Les chercheurs se sont concentrés sur le lithium car il est naturellement rare dans l’atmosphère. Cela en fait un marqueur idéal pour identifier la pollution provenant des rentrées d’origine humaine. Selon l’auteur principal Robin Wing, les engins spatiaux, en particulier ceux dotés de coques en aluminium-lithium et de batteries au lithium, peuvent fournir beaucoup plus de lithium en un seul événement que les sources naturelles.

“Nous estimons qu’une seule fusée Falcon 9 peut libérer environ 30 kilogrammes de lithium, alors que les sources naturelles n’en contribuent qu’environ 80 grammes par jour à l’échelle mondiale.”

Le problème croissant des débris spatiaux

Le nombre croissant de satellites en orbite signifie des rentrées plus fréquentes de débris spatiaux. L’Agence spatiale européenne estime que plus de trois débris reviennent quotidiennement sur Terre, libérant des centaines de tonnes de matériaux dans l’atmosphère chaque année. Bien que leur quantité soit inférieure à celle des météorites naturelles, ces débris artificiels constituent une menace unique en raison de leur composition.

Contrairement aux roches spatiales naturelles, les engins spatiaux contiennent des matériaux comme l’aluminium et le lithium, qui peuvent perturber la couche d’ozone et altérer l’équilibre thermique atmosphérique. L’aluminium, en particulier, réagit rapidement avec l’oxygène, formant de l’alumine, un appauvrisseur d’ozone connu. Mesurer directement l’aluminium est un défi en raison de sa vitesse de réaction rapide, mais les scientifiques visent à affiner leurs méthodes pour de futures observations.

Recherches futures et implications

L’équipe Leibniz développe actuellement un système LIDAR plus avancé, capable de détecter simultanément plusieurs composés métalliques. Cela leur permettra de différencier plus précisément la pollution provenant des engins spatiaux et des sources naturelles.

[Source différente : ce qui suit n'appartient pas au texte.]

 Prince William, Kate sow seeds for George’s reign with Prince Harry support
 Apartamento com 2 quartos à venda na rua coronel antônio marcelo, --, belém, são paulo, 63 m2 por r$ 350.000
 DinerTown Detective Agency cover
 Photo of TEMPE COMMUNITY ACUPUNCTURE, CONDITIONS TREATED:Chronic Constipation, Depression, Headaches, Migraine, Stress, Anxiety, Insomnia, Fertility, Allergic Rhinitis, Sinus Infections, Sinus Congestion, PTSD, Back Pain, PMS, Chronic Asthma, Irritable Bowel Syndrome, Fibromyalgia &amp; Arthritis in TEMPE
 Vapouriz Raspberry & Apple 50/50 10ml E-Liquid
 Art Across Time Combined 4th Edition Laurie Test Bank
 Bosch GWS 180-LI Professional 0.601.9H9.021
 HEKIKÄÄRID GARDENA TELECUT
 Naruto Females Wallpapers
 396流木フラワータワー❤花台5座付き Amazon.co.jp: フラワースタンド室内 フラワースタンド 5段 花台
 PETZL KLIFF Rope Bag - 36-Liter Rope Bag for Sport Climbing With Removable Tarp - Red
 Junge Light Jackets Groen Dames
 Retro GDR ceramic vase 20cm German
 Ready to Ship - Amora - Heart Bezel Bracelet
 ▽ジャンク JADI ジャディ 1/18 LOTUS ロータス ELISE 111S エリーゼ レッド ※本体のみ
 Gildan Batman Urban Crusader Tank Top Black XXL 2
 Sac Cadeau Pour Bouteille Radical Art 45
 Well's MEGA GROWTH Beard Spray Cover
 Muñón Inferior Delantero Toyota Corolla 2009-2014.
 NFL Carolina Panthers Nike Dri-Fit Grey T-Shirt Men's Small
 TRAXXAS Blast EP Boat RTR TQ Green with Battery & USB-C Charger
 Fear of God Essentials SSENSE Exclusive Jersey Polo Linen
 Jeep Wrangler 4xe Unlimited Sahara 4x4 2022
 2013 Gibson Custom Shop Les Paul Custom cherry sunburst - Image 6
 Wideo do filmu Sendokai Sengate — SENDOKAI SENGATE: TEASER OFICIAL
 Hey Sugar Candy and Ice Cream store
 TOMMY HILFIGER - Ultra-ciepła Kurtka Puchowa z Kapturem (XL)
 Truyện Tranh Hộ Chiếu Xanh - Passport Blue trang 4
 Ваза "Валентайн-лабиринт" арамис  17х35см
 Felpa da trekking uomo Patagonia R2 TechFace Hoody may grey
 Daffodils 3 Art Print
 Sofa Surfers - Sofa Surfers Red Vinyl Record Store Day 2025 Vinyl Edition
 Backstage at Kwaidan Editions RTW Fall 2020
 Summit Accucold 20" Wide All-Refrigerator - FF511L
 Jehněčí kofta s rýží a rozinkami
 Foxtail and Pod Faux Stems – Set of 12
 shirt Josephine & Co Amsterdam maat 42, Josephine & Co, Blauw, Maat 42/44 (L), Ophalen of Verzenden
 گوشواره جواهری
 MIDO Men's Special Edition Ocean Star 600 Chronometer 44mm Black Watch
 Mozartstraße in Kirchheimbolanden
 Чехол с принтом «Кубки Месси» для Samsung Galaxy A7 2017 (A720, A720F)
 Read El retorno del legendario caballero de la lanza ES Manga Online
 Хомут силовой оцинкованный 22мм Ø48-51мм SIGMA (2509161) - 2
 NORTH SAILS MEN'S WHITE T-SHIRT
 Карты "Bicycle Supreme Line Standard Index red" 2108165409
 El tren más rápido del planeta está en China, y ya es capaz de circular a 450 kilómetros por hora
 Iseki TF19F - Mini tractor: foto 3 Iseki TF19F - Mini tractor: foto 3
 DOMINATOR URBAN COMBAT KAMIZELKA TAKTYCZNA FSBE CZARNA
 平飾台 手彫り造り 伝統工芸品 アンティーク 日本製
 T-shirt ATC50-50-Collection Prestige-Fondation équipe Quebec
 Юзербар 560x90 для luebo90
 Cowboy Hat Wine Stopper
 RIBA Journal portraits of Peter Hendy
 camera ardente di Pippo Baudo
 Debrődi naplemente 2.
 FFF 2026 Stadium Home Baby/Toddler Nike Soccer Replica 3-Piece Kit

Eloisa Marais, professeur de chimie atmosphérique à l’University College de Londres, souligne l’importance de ces recherches pour améliorer les modèles environnementaux. Une modélisation précise est cruciale pour évaluer le véritable impact mondial des rentrées d’engins spatiaux.

L’étude confirme ce que les scientifiques soupçonnaient depuis longtemps : les rentrées de débris spatiaux ne sont pas neutres pour l’environnement. Cette observation directe fournit une base essentielle pour les recherches futures et souligne la nécessité de pratiques spatiales durables pour atténuer les effets à long terme de la pollution orbitale.